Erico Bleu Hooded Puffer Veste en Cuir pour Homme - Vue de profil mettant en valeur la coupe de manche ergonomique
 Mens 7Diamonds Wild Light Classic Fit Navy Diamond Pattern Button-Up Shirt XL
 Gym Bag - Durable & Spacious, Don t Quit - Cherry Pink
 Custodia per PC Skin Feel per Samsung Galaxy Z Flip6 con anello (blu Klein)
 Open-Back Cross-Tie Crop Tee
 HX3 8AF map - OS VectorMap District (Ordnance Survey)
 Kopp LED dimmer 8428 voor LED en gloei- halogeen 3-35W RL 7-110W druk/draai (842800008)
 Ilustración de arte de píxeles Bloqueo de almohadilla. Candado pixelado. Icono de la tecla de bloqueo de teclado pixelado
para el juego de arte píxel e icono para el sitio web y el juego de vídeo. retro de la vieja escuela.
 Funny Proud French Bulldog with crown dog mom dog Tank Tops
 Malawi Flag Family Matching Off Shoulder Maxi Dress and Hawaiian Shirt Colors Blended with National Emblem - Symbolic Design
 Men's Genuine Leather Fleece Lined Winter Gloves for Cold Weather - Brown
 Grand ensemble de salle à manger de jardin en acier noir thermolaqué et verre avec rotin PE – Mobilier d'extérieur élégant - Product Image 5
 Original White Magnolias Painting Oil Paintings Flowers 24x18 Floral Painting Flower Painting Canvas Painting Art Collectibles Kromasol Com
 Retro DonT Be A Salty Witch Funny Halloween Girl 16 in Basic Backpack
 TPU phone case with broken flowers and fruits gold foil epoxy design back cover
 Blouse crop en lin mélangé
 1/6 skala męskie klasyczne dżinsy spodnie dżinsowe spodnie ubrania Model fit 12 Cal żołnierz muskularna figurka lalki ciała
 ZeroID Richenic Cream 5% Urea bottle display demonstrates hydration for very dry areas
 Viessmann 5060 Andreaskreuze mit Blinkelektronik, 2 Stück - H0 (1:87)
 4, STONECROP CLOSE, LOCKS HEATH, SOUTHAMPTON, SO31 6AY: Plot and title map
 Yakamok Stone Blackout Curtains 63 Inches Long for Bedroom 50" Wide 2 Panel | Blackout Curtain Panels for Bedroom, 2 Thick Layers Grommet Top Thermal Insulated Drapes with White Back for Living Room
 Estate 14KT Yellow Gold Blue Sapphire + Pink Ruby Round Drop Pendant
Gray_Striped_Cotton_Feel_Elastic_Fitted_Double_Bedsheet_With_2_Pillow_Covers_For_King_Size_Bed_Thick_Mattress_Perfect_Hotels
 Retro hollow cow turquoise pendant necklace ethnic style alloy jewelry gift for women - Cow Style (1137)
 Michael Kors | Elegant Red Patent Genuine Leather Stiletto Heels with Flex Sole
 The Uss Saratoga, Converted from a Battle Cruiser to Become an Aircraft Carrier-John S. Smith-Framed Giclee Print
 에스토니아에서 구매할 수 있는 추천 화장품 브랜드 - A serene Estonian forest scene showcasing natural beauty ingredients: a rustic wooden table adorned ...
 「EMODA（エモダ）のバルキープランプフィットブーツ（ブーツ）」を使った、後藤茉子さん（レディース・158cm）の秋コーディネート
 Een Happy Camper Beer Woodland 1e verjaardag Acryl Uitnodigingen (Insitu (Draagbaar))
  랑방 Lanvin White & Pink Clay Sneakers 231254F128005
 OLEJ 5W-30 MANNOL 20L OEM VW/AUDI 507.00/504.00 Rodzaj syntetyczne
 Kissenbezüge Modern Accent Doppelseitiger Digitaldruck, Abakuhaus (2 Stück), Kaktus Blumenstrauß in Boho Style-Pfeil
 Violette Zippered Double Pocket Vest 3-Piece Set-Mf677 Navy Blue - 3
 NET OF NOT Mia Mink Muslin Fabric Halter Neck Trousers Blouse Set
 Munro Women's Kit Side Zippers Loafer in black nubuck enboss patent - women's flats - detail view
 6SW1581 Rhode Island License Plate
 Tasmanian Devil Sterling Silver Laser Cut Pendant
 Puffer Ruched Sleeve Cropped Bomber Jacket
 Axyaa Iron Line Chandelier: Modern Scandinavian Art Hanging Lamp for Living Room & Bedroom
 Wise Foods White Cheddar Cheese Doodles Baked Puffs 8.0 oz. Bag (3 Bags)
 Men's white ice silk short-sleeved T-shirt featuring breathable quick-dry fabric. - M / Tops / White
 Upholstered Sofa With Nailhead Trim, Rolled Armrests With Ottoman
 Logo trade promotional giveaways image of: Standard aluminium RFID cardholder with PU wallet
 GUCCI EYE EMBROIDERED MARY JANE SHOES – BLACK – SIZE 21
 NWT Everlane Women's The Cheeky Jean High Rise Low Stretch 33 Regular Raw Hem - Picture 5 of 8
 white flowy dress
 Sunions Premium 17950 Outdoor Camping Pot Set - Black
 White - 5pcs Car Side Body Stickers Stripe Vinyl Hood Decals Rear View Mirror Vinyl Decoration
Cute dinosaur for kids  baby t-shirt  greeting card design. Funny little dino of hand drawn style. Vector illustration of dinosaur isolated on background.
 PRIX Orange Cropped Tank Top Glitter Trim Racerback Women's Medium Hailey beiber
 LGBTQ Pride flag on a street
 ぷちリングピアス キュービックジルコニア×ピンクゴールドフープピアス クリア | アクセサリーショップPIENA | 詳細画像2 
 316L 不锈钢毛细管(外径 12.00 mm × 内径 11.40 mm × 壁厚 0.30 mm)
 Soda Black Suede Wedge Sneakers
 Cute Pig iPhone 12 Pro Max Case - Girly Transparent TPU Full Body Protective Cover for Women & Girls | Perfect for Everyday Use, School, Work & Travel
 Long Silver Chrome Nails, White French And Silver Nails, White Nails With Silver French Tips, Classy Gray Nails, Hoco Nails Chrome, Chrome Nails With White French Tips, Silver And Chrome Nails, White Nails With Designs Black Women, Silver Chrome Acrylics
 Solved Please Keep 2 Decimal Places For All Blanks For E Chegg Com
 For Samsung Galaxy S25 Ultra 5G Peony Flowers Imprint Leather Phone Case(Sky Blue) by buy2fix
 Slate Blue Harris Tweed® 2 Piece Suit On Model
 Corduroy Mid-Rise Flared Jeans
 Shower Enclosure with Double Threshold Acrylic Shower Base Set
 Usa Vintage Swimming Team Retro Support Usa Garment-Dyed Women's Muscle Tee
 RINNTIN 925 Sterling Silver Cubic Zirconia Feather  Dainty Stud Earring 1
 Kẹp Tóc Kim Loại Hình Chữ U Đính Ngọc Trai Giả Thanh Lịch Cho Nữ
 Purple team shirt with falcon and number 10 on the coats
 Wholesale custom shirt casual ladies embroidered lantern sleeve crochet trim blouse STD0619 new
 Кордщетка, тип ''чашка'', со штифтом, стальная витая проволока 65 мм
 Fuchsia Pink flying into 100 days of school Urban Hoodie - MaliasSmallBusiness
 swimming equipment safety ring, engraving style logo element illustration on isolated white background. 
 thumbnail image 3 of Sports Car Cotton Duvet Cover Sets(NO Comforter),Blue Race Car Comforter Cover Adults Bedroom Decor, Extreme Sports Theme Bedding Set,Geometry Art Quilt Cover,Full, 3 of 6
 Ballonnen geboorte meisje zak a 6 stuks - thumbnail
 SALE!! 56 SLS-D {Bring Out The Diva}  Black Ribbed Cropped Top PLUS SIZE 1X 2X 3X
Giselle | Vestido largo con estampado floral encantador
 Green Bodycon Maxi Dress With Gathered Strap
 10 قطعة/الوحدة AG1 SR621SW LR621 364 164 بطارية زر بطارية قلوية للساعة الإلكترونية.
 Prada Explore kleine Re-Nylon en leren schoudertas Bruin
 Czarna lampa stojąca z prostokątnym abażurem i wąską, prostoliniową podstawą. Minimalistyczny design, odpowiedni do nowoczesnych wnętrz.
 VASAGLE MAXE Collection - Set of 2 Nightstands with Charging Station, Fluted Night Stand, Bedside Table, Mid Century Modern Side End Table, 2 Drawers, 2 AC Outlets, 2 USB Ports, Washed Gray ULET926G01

*Instructions to follow*:
From the entries above, restate word for word the lines from the line containing "Tasmanian Devil Sterling" to the line containing "NWT Everlane Women's", both ends included, and nothing more.

*Response to the task*:
 Tasmanian Devil Sterling Silver Laser Cut Pendant
 Puffer Ruched Sleeve Cropped Bomber Jacket
 Axyaa Iron Line Chandelier: Modern Scandinavian Art Hanging Lamp for Living Room & Bedroom
 Wise Foods White Cheddar Cheese Doodles Baked Puffs 8.0 oz. Bag (3 Bags)
 Men's white ice silk short-sleeved T-shirt featuring breathable quick-dry fabric. - M / Tops / White
 Upholstered Sofa With Nailhead Trim, Rolled Armrests With Ottoman
 Logo trade promotional giveaways image of: Standard aluminium RFID cardholder with PU wallet
 GUCCI EYE EMBROIDERED MARY JANE SHOES – BLACK – SIZE 21
 NWT Everlane Women's The Cheeky Jean High Rise Low Stretch 33 Regular Raw Hem - Picture 5 of 8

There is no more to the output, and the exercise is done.